Iniciando com um plano pavoroso que traz um avião claramente digital cruzando a tela, Blue Jasmine
 nos apresenta à personagem-título (Blanchett), que, voando na primeira 
classe, insiste em contar sua história para a passageira do lado, uma 
velhinha que provavelmente iria preferir estar próxima ao Ted Striker de
 Apertem os Cintos, o Piloto Sumiu!. Acostumada à vida de luxo 
oferecida por seu marido Hal (Baldwin), Jasmine agora encontra-se na 
miséria desde que o sujeito foi preso por fraude, o que a obriga a se 
mudar para a Califórnia a fim de morar com a irmã, Ginger (Hawkins). 
Ambas adotadas, as mulheres não poderiam ser mais diferentes física e 
emocionalmente: enquanto Jasmine tenta superar um colapso nervoso, está 
acostumada a ser servida por todos e mal pode aceitar sua nova 
realidade, Ginger é uma criatura alegre, simples e com um leve complexo 
de inferioridade.
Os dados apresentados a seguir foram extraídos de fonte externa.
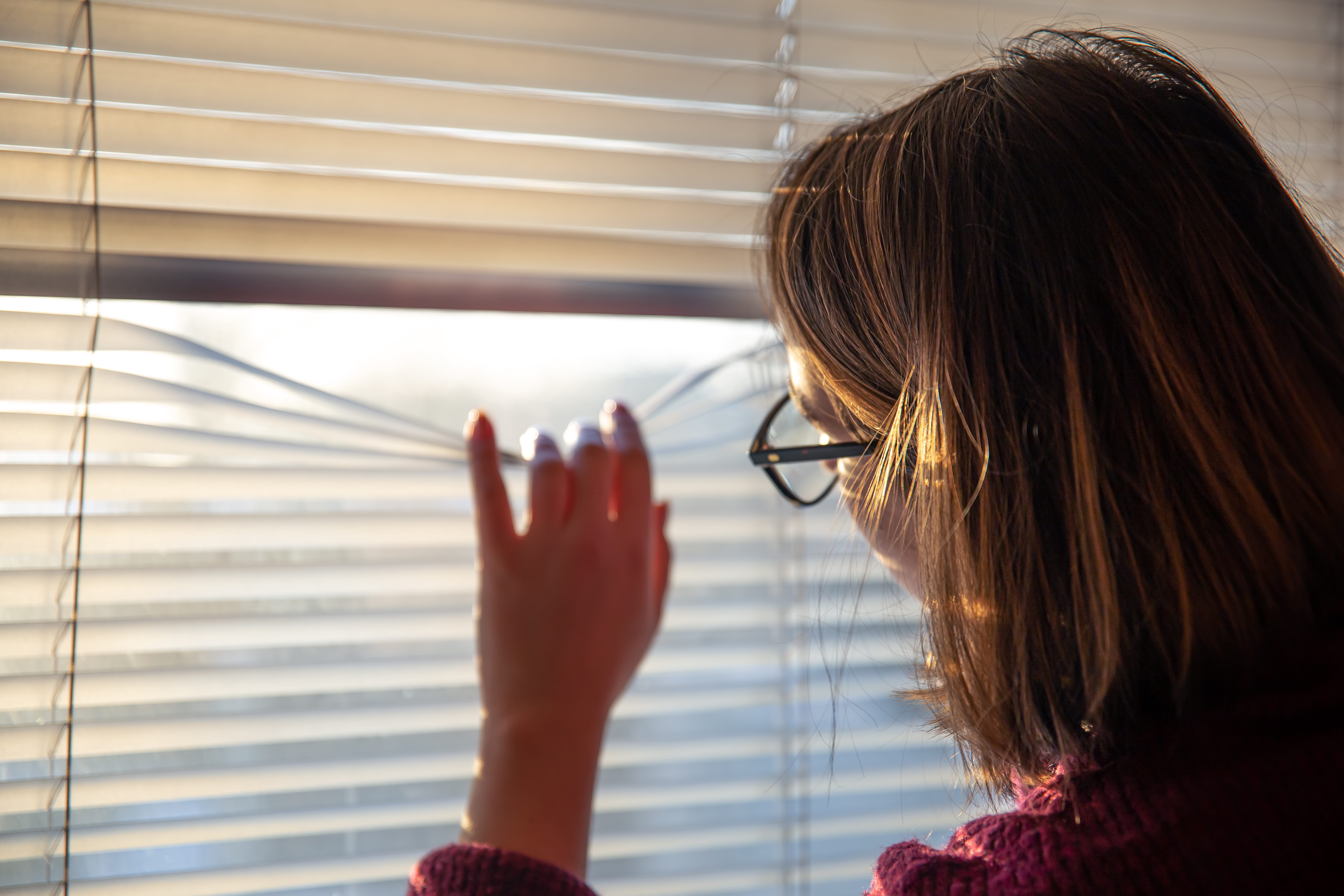 woman-looks-through-blinds-early-morning-sunlight.jpg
Alternando a narrativa entre o presente, que traz a 
protagonista buscando se adaptar ao cotidiano de trabalhadora, e o 
passado, que revela as circunstâncias que a levaram até ali, Blue Jasmine
 é um filme capaz de provocar risadas pontuais, mas que jamais poderia 
ser confundido com uma comédia, apresentando-se verdadeiramente 
sufocante em vários momentos.
Insistindo nos 
flashbacks mesmo
 quando já somos capazes de compreender tudo o que ocorreu (ou quase; a 
estrutura tenta se justificar através de uma revelação de última hora), 
Woody Allen e o diretor de fotografia Javier Aguirresarobe (que 
colaborou com o cineasta em 
Vicky Christina Barcelona)
 buscam contrastar os dois momentos através das cores quentes que 
envolvem o universo de Jasmine em Nova York e a paleta fria e levemente 
dessaturada que a acompanha em San Francisco, expondo, assim, o fato de 
estarmos vendo o mundo através dos olhos daquela mulher – que, longe de 
aceitar a responsabilidade pelos atos do marido (para os quais se fez de
 cega), prefere enxergar-se como sua grande vítima.
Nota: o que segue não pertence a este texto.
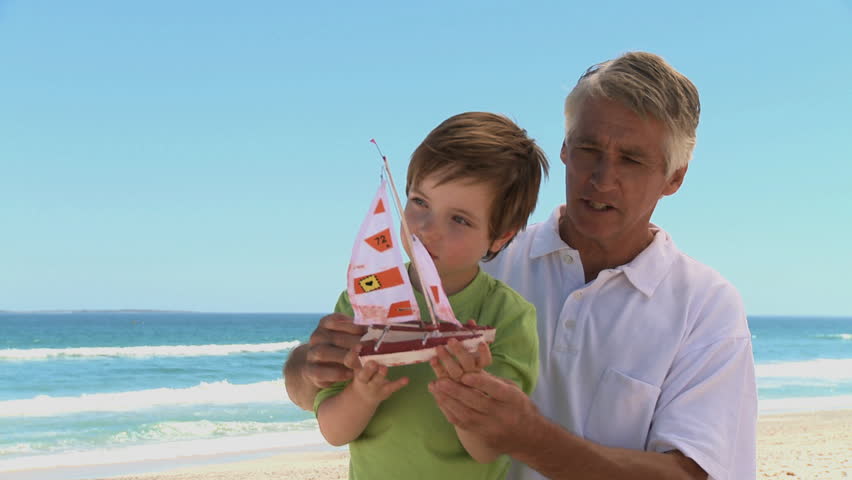 MEDIUM SHOT OF A GRANDFATHER AND GRANDSON PLAYING WITH A TOY BOAT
Aliás, uma das principais tragédias de 
Jasmine é sua incapacidade de enxergar o óbvio: quando casada, negava-se
 a ver as traições do marido e seus crimes; agora pobre, insiste em ver 
apenas miséria no cotidiano humilde, mas alegre, da irmã. Vivendo uma 
variação de sua personagem em Simplesmente Feliz, Sally Hawkins
 é hábil, diga-se de passagem, ao ilustrar o otimismo de uma mulher que 
tem razões de sobra para ser amarga, incluindo a perda da pequena 
fortuna que ganhou na loteria depois de acreditar no fraudulento 
cunhado. Parecendo não se ofender com as agressões da irmã, Ginger 
procura apoiá-la e tenta até mesmo fazer jus à imagem que, supõe, a 
deixaria orgulhosa – um erro que acaba demonstrando que a infelicidade 
de Jasmine (representada no título original) pode ser contagiosa. 
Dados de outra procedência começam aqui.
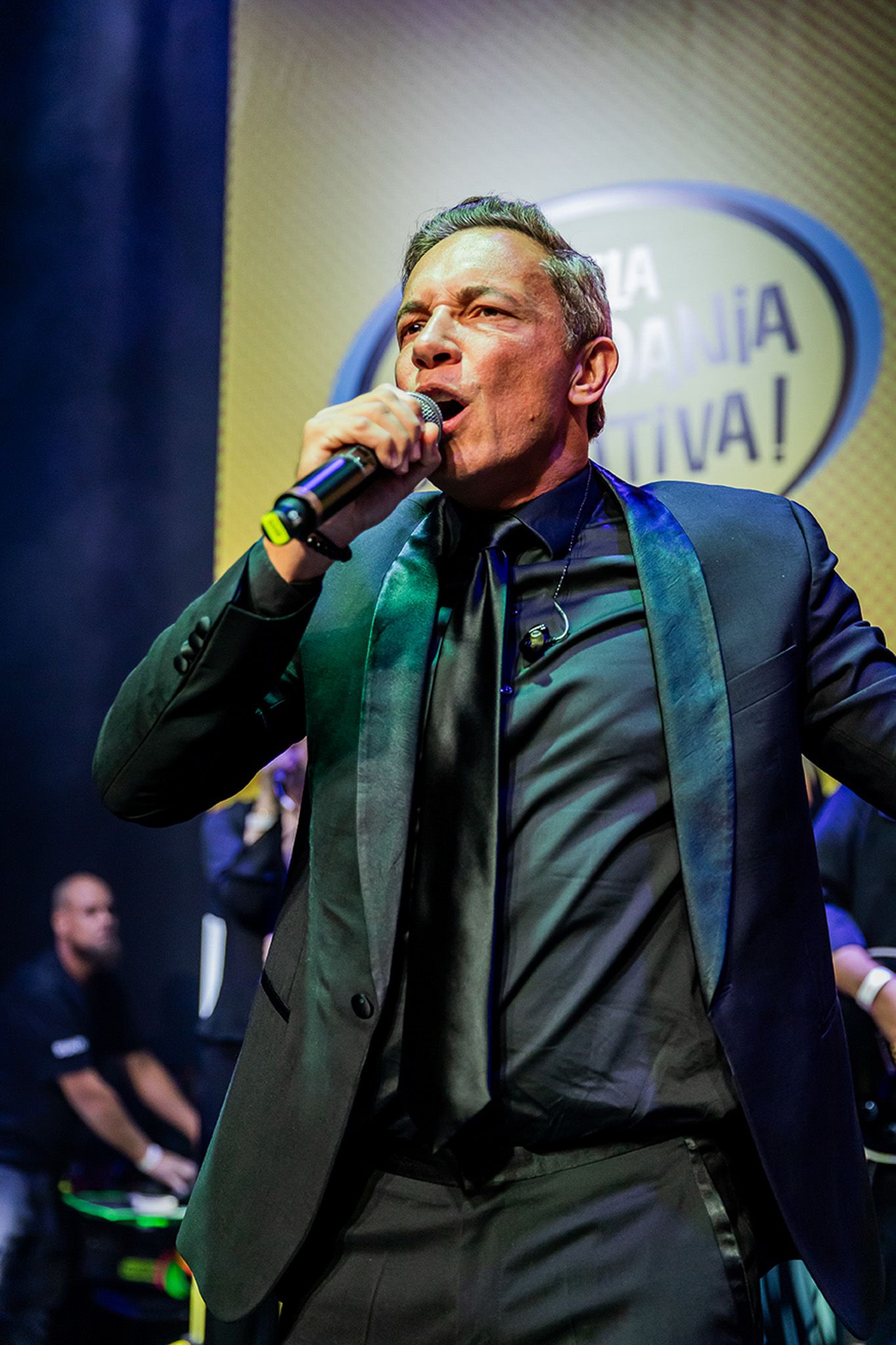 Um artista de terno escuro com lapelas iridescentes canta em um microfone em um palco com uma placa de fundo amarela.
Enquanto isso, Louis C.K. e Andrew Dice Clark, dois comediantes de 
estilos completamente diferentes um do outro, oferecem performances 
pequenas, mas significativas, ao passo que o talentoso Bobby Cannavale 
flerta descaradamente com o Stanley Kowalski de Marlon Brando em vários 
momentos da projeção – especialmente em um confronto no qual atira um 
telefone na parede e que remete à explosão de Brando durante um jantar 
em Uma Rua Chamada Pecado. Fechando o elenco secundário, Alec 
Baldwin interpreta bem o tipo sedutor e frio que se encaixa tão bem à 
figura de um estelionatário da alta sociedade.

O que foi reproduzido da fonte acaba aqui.